Part 3: Train With Larger Dataset

DataLoader

We use the data from the ibug face in the wild dataset for training on a more diverse set of faces. We will create a DataSet and DataLoader in order to manipulate the data and found that localizing the points around 0 for the landmarks helped our network train better, so that landmarks were from -0.5 to 0.5 greatly improved the neural network performance. We then also tranformed the image into size of 224x224 for inputing into our neural network.

Convolutional Neural Net

For part 3, I decided to use the ResNet18 to train on the images in the ibug dataset. I had to adjust the input parameters to take in the images of size 224x224 and to output 68 points of x and y for a total of 136 outputs. I decded to set the first convolutional layer to have size 64 with kernel size of 7, stride of 2, and padding of 3. For the final fully connected layer, it outputs 136 points. While training, since the dataset was already huge I set it to use 8 epochs, however I saw that the validation loss was going up and ended up stopping the run at 4 epochs. I also played with the learning rate and found that at the start it might be helpful to start with a larger learning rate and slowly make it smaller as you go onto more epochs.
I used MSE Loss as the loss function and the loss graph for the first part of training is shown below.

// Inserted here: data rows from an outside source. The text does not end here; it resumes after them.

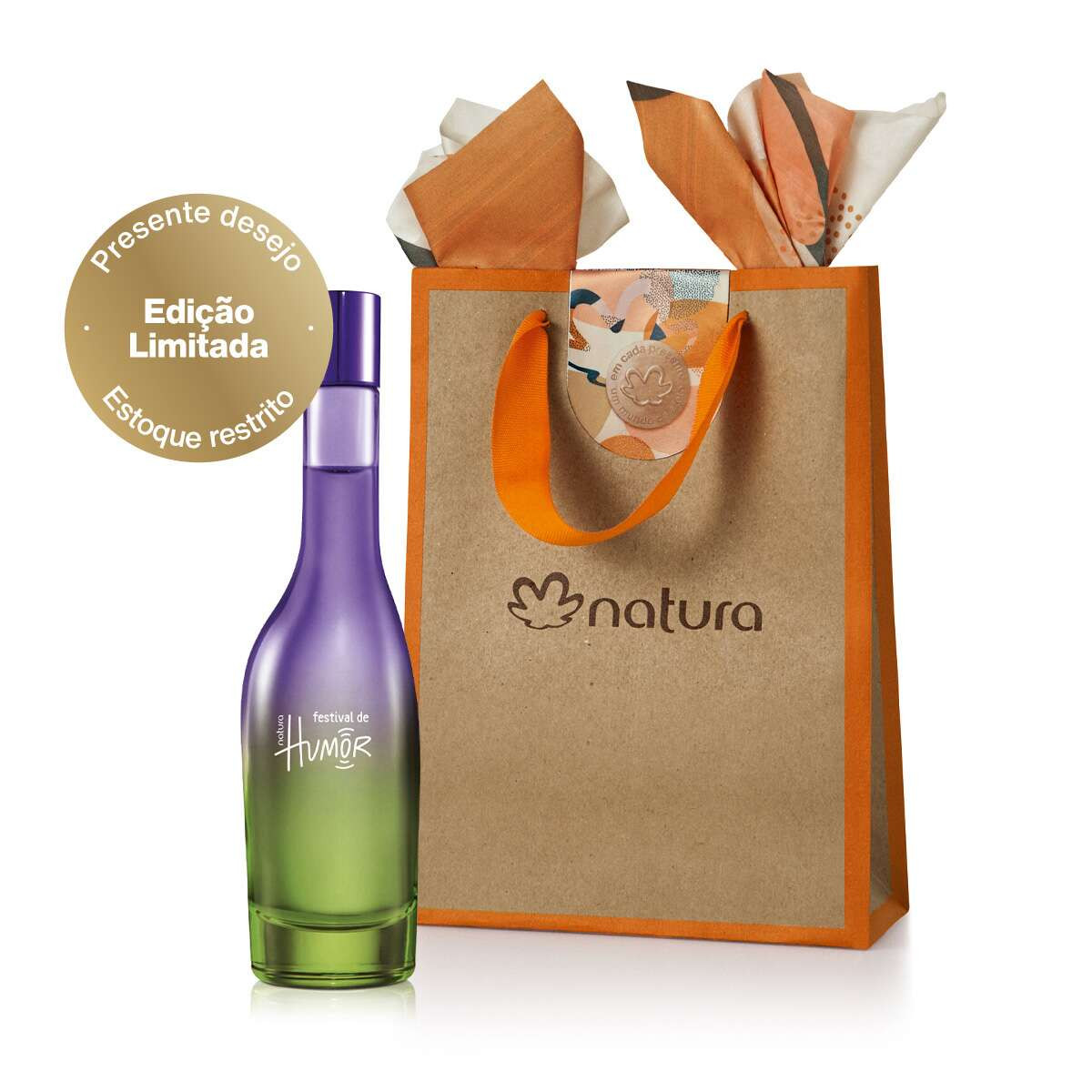 R$ 97,90 | Natura BR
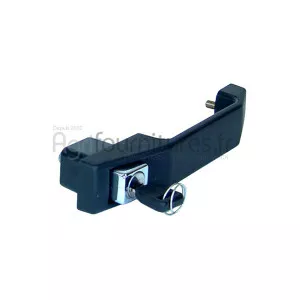 Poignée de porte Bepco 70/4170-53 pour tracteur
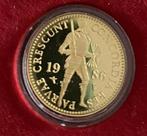 Nederland. Gouden Dukaat 1986 (Zonder minimumprijs), Postzegels en Munten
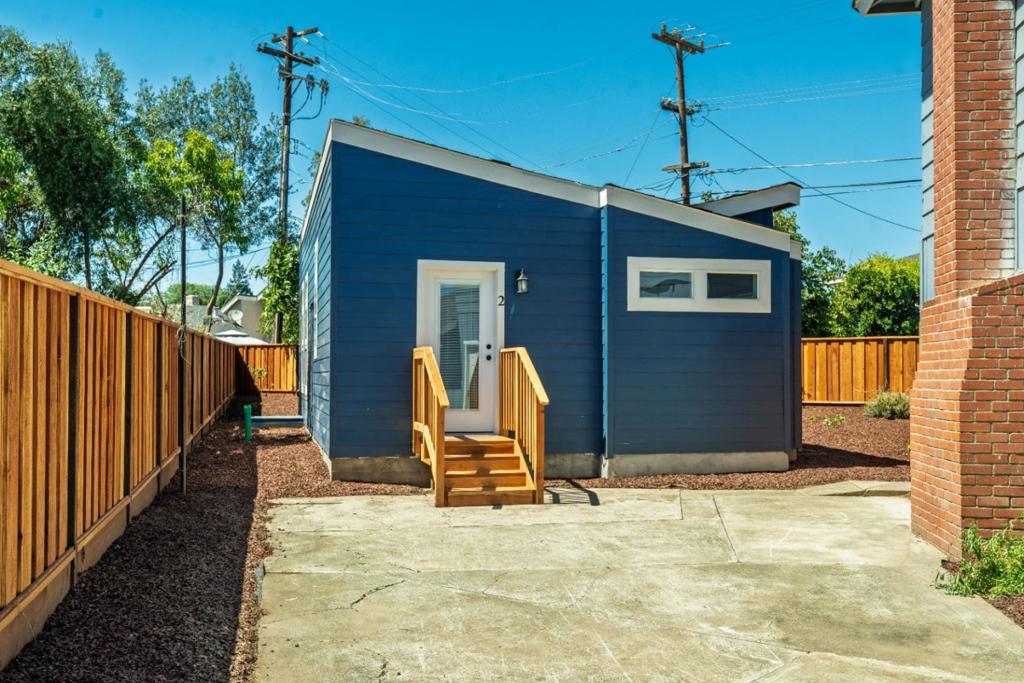 59 Crocker Court #2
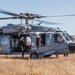 Helicopter Sea Combat Squadron (HSC) 21 participates in the Marine Aviation Weapons and Tactics Squadron One (MAWTS-1) Final Exercise (WTI FINEX)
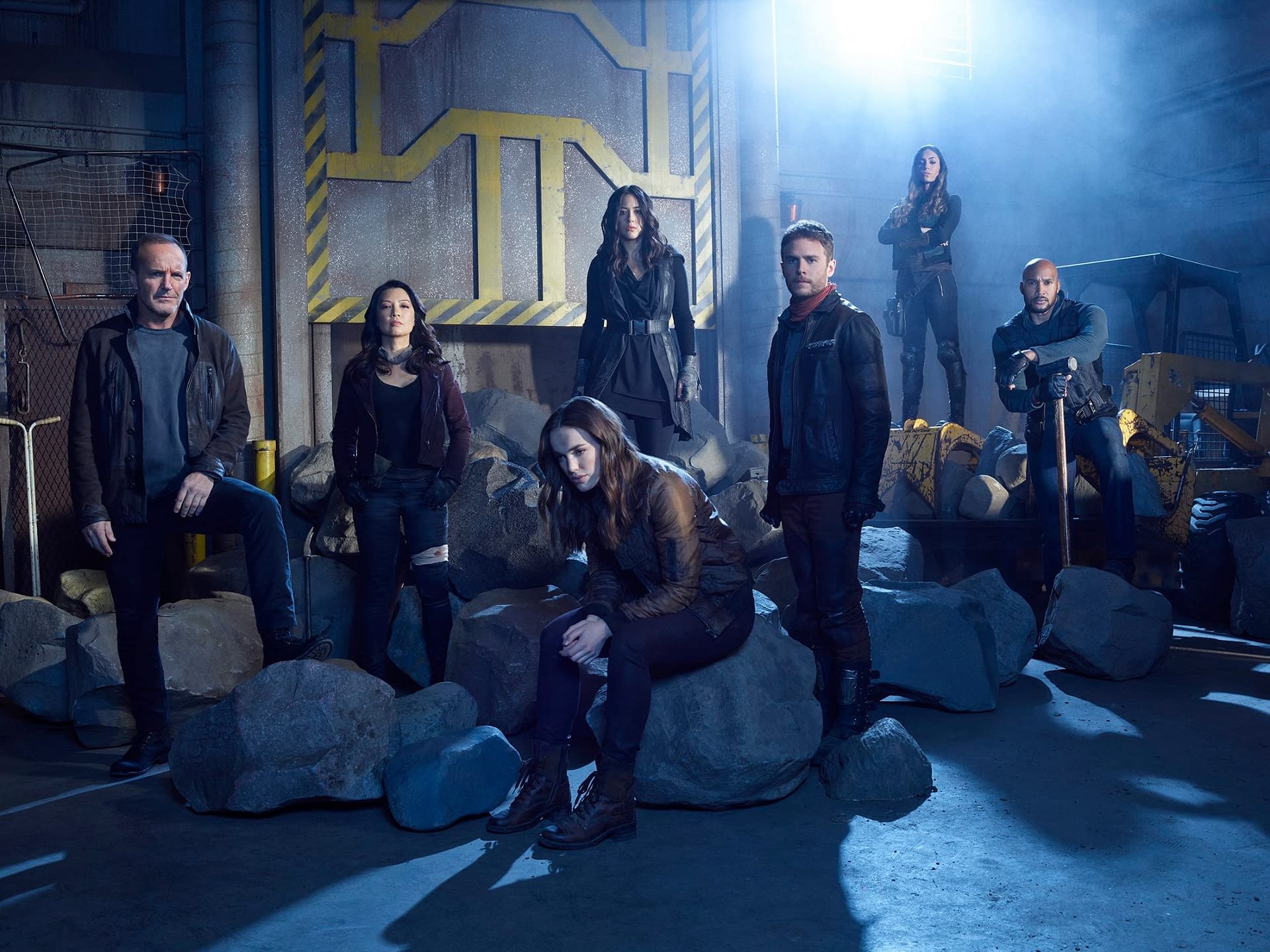 The Shield Season 2 Episode 1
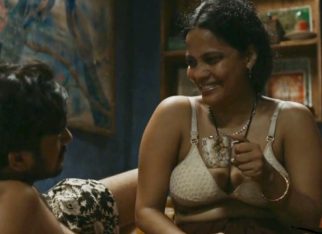 EXCLUSIVE: CBFC censors frontal nudity scene and 2 sexually explicit visuals in Agra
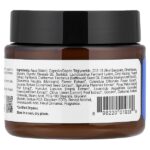 Beauty, питательный увлажняющий крем с пробиотиками, 64 г (2,25 унции) — California Gold Nutrition — изображение 2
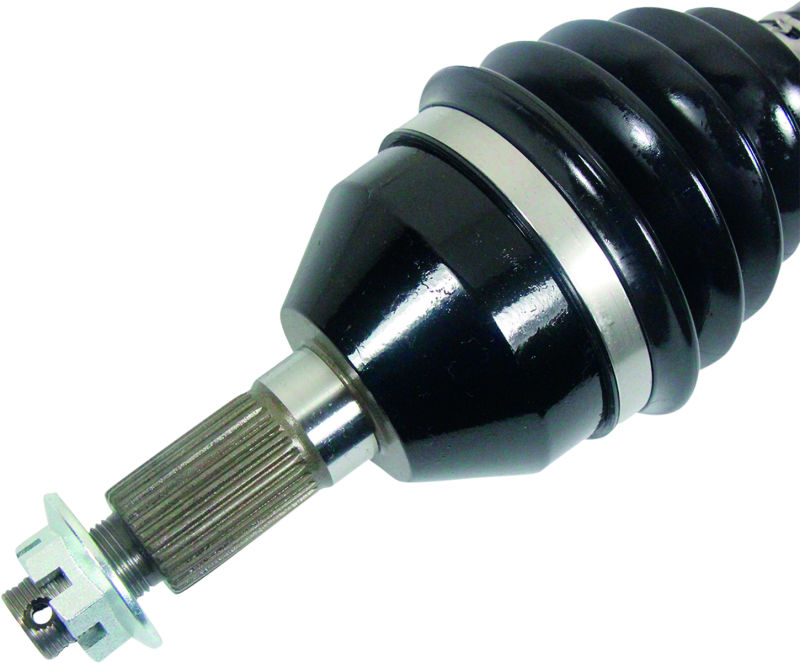 DragonFire Racing Hydra Axle for Can-Am Maverick X3 900 X mr Turbo R (2018-2019) Rear Left - Heavy-Duty Replacement Part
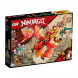Конструктор LEGO Ninjago 71762 Огненный дракон ЭВО Кая в Белгороде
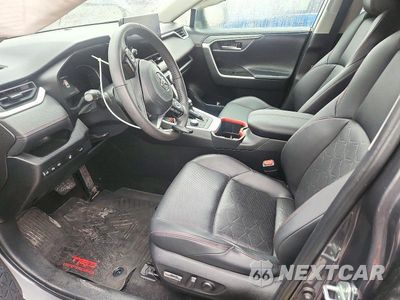 Zdjęcie 7 z 13 samochodu: 2023 TOYOTA RAV4 TRD OFF ROAD VIN:2T3S1RFV4PW366479 - miniatura
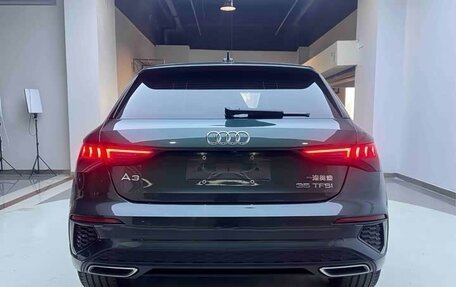 Audi A3, 2021 год, 2 280 000 рублей, 5 фотография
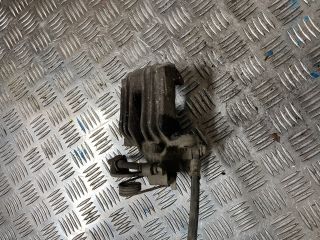 bontott AUDI A4 B6 Bal hátsó Féknyereg Munkahengerrel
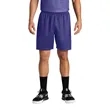 Sport-Tek PosiCharge Mesh 7" Short | https://www.bestnamebadges.com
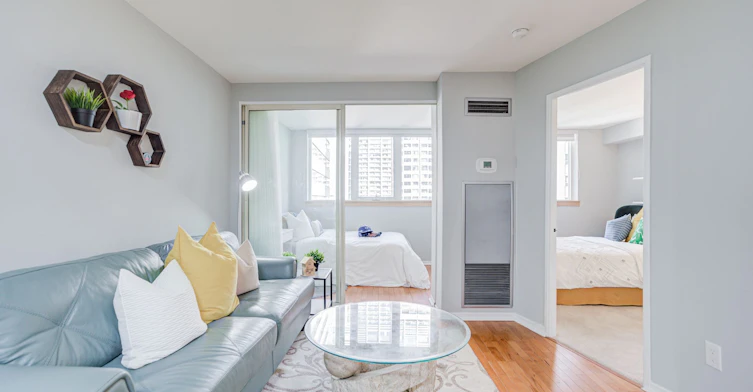 716-1055 Bay Street, Toronto, ON, M5S 3A3 - 10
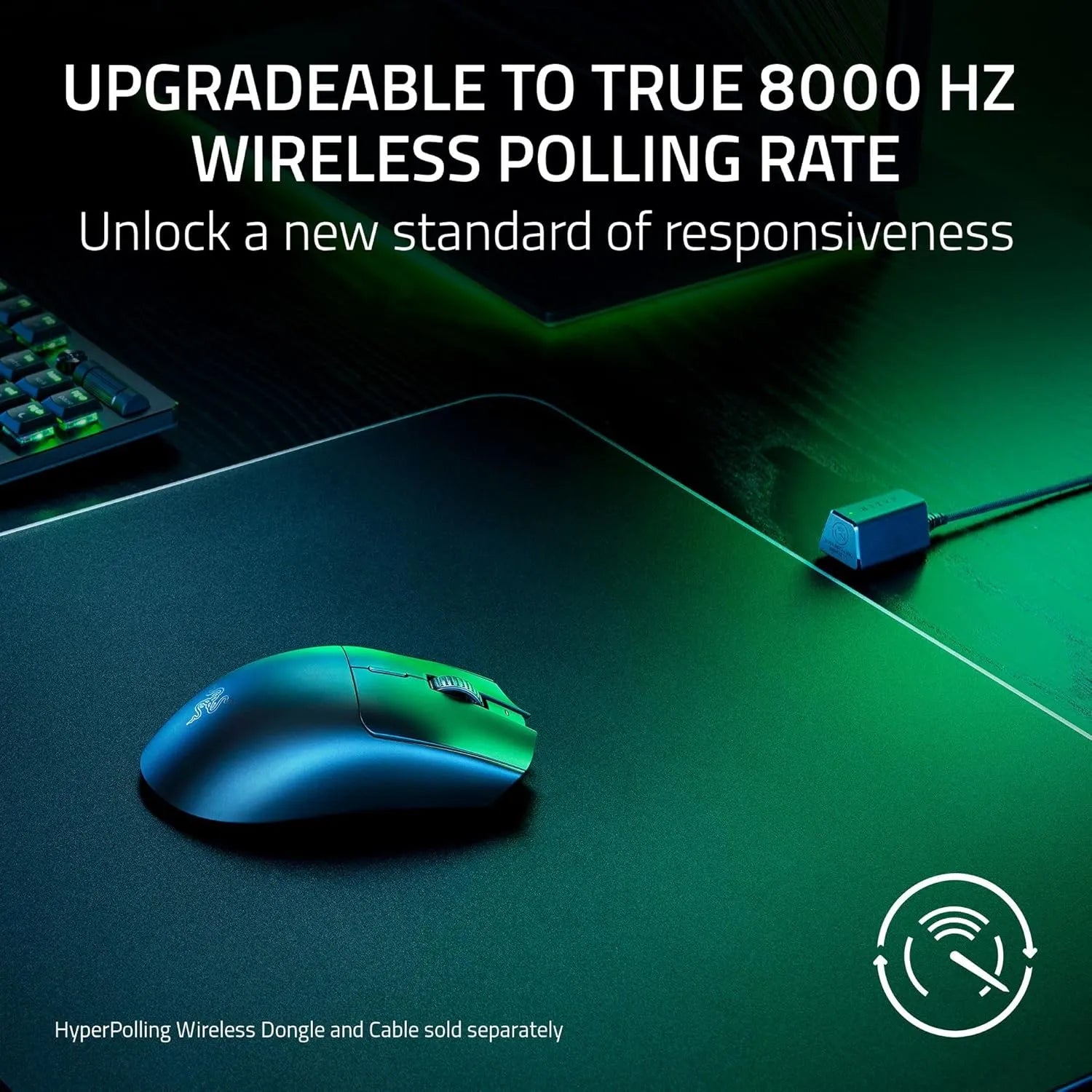 Razer_Viper_V3_HyperSpeed_Wireless_Esports_Gaming_Mouse_with_30K_Sensor - متجر TT Tab للتقنيات الحديثة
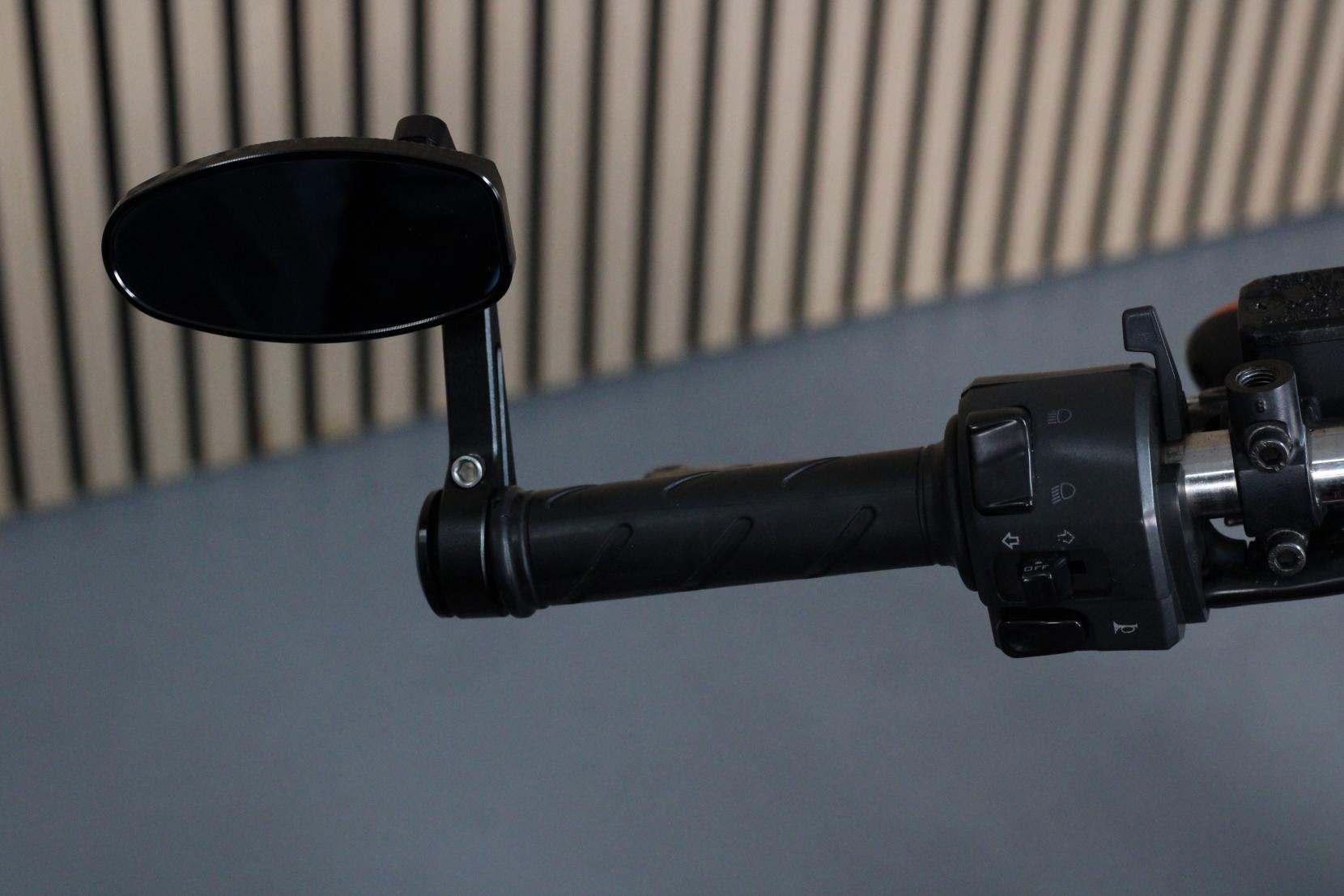 Ducati Monster 695 695 Naked (2006 - 2008)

Since I only used a couple of epochs the validation graph ended up being very minimal. The orange line is the validation error and the blue line is the training error at the end of the epoch

Results

Here are some results from the validation set. The red points are labels and blue is predicted points. The resnet ended up working very well and was ablee to get points very close to the labels in most of all the images in the validation set. Some of the points that are outside of the bounding box are off which makes sense since the cropped bounding box is passed into the neural net and it can only infer where the face would end up being. However for the most part the shape of the face is correct and it is able to correctly find where it is and was even able to decently well with the face in different directions. This may be because we had a massive dataset that was not set so each image has no specific pose or direction and the network had to learn exactly how to predict the direction and rotation.